Back to Pathway

Input Collections

external/differential-dataflow/mdbook/src/chapter_1/chapter_1_1.md

0.30.13.8 KB
Original Source

Input Collections

Differential dataflow computations all start from user-controlled input "collections".

For now, let's think of an input collection as a multiset (or a "bag"): a collection of typed elements which may contain duplicates. It can be a bit more complicated than this, for neat and interesting reasons, but life is easier for now if you think of it as a multiset.

An example

Let's take our skeleton from the previous subsection and add an input collection.

rust,no_run
    extern crate timely;
    extern crate differential_dataflow;

    use differential_dataflow::input::Input;

    fn main() {

        // define a new computational scope, in which to run BFS
        timely::execute_from_args(std::env::args(), |worker| {

            // create a counting differential dataflow.
            let mut input = worker.dataflow::<usize,_,_>(|scope| {
                // create inputs, build dataflow, return stuff.
                let (input, words) = scope.new_collection();
                words.inspect(|x| println!("seen: {:?}", x));
                input
            });

            // drive the input around here.

        }).unwrap();
    }

Here we've created a new input collection in scope, which returns a pair (input, words).

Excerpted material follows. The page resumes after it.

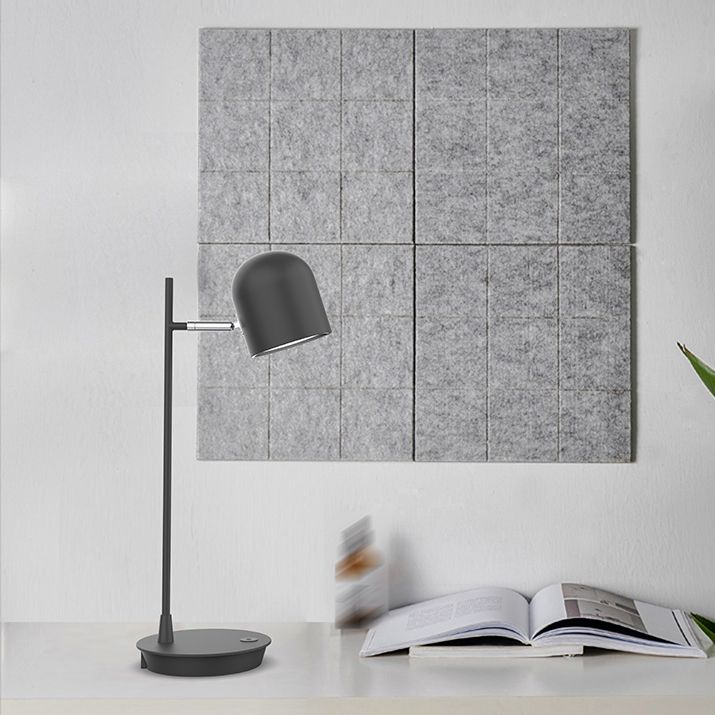 Lampe de table de nuit en métal en forme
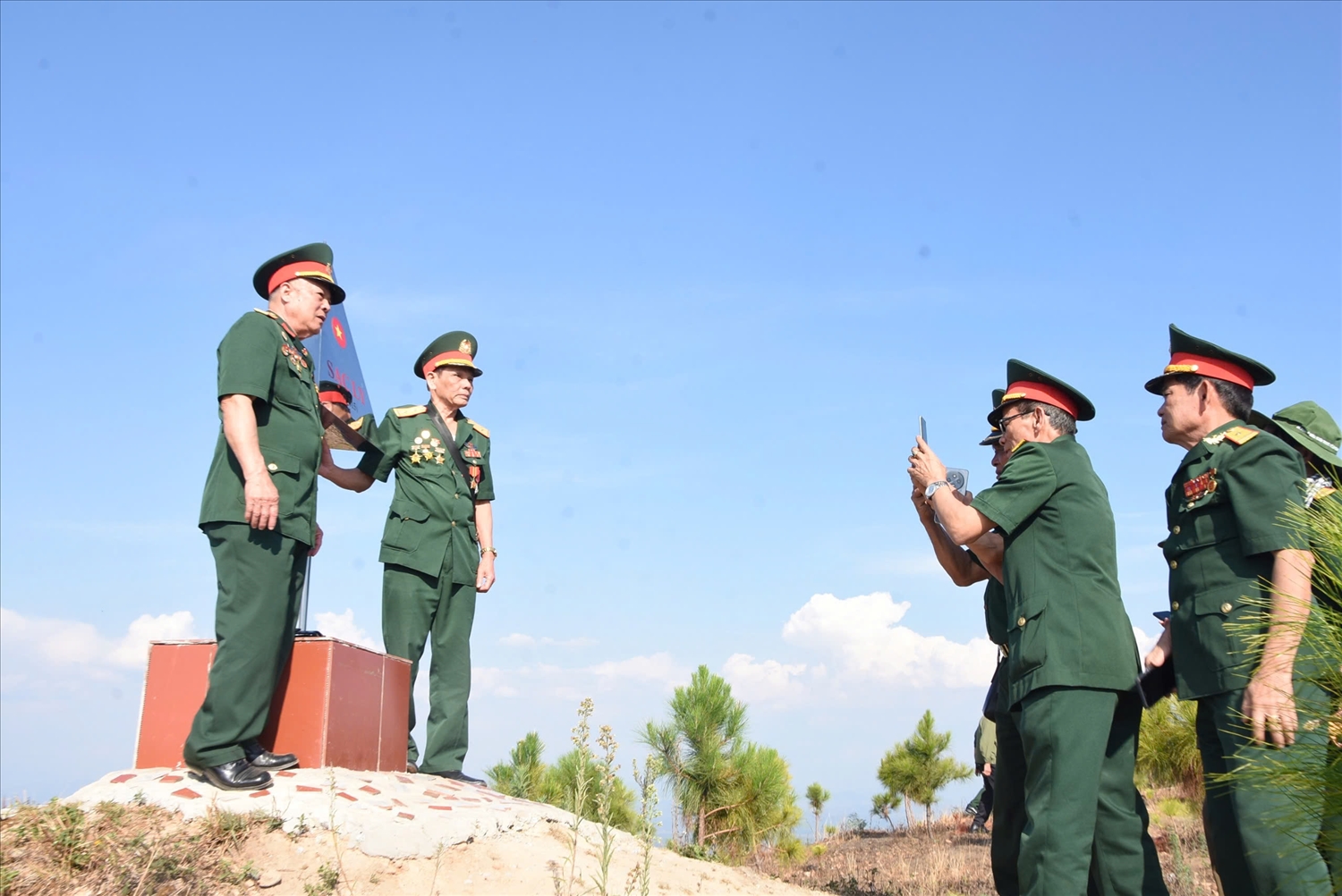 "Một vùng đồng đội"...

The first of these, input, is a handle that our program can use to change the collection; this is how we insert and remove records. The second, words, is a differential dataflow collection on which we can base further differential dataflow computation. These two are linked so that changes our program makes to input result in changes to words which then result in changes to derived collections.

This isn't a wildly interesting program yet, because we haven't actually changed input. Let's do that now, where the code currently says

    // drive the input around here.

Differential dataflow inputs are similar to timely dataflow inputs, if you are familiar with those, but with a few important tweaks. Each input has a "time" it is currently set to. You can insert(item) and remove(item) to your hearts content, and these changes will take effect at the time currently associated with the input.

For example, we could write:

rust,no_run
        // drive the input around here.
        input.insert("hello".to_string());
        input.insert("world".to_string());
        input.advance_to(1);
        input.remove("hello".to_string());
        input.insert("goodbye".to_string());
        input.advance_to(2);

At this point we have described some insertions at time 0 (the initial time for each input) and some changes at time 1.

General updates

While the insert and remove methods are generally useful, there is a more general method input.update(data, diff) which allows you to specify a difference directly. This can be useful if your data are natively described as differences, if your differences are large in magnitude, or in exotic cases where you are not using multisets (?!?).

Advancing time

The calls to input.advance_to() are surprisingly important. Not only do they indicate that you would like your next changes to happen at a particular new time, these are the calls that signal to the system that you have finished changing the collection at times prior to your new time. It is not until you advance the time of your inputs that the system can determine the correct answer, because until then you could show up with arbitrary changes.

It is crucial to call input.advance_to(time) if you want to see the output changes for time.

Flushing

The calls to insert(), remove(), and advance_to() are buffered in the interest of efficiency, and you may need to call input.flush() to ensure that every change you've applied to the input is visible to the system. This is unlike timely dataflow, which does not buffer its advance_to calls.